И жизни новизна. Об искусстве, вере и обществе - Ольга Александровна Седакова
Западный мир ответил на свой катастрофический опыт раскаянием в образе «нового гуманизма»: его выражения — и поставленные на вершине общих ценностей «права человека», и общий «терапевтический», «пермессивный» характер современного общества, о котором я уже упоминала. «Мы больше никогда и ни о ком не можем решить: это не человек». Так можно выразить урок, извлеченный европейской культурой из лагерей массового истребления, из авантюры «сверхчеловека». И никто не может сказать, что это противоречит евангельской проповеди: может быть, после всех столетий христианской цивилизации в этом отношении его впервые всерьез услышали, слово о великой ценности убогого.
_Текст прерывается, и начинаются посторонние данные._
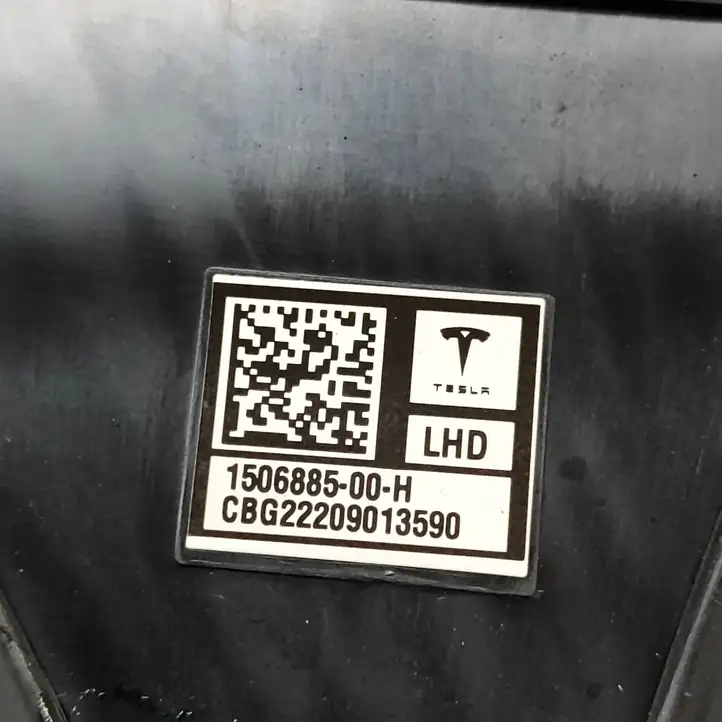 Tesla Model Y (2019 - 2024) 151625500E Нижняя обшивка стойки B — фото 7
Но что дальше? А дальше, увы… Ради того, чтобы в дальнейшем никого не судить, чтобы сохранить человеческое достоинство за больным, уродливым, безумным, порочным, бесталанным, невежественным существом, следует отказаться от наших старых представлений здоровья, красоты, разумности, добродетели, таланта, образованности. Все это репрессивные нормы. Отказаться от больших идей и замыслов, потому что за ними следуют большие бойни; от религий, поскольку они порождают фанатизм, который делит всех на «своих» и «чужих» и т. п., и т. п. От всего, что несет в себе силу, — потому что сила и насилие больше не различаются. Плохо различаются вера и фанатизм, уверенность суждения и доктринерство. Ниже, ниже, ниже — туда, где почти ничего не осталось. Это антропология нового гуманизма. «Что такое человек? Это существо травмированное, ранимое, бедное, больное, опустошенное своей долгой историей. Ничего хорошего в нем нет: он и сам может превратиться в палача. И такое существо необходимо хранить. И не требовать от него по возможности ничего чрезвычайного». Образ человека, прекрасного, как космос, почти всемогущего, свободного и деятельного, обладающего неограниченной способностью к познанию, — образ, вдохновлявший первый, классический гуманизм, — сменился в новом гуманизме на противоположный. Достоинство человека просто в том, что он — какой-никакой — есть, достоинство живого просто в том, что он жив. И такого помнит Господь — добавим мы. Но новый гуманизм этого не добавляет. Его идею выразил влиятельнейший французский философ Андре Глюксман в своей «Одиннадцатой заповеди»: «Помни, что тебе присуще зло!» Прекрасно, и этому веками учила монашеская педагогика. Есть еще одна вещь, которую забыли еще крепче, и, может быть, стоит о ней сказать: «Помни, что тебе присуще нечто благое».
Этот своеобразный кенотизм[119] — самая поэтическая и серьезная часть нового гуманизма. Из нее может возникнуть — и порой возникает новая мысль, новое искусство, искусство бедное, тихое, почти беззвучное, почти бесцветное. Его еще не слышно за грохотом и ревом времени. В этой бедности рождается новая интенсивность.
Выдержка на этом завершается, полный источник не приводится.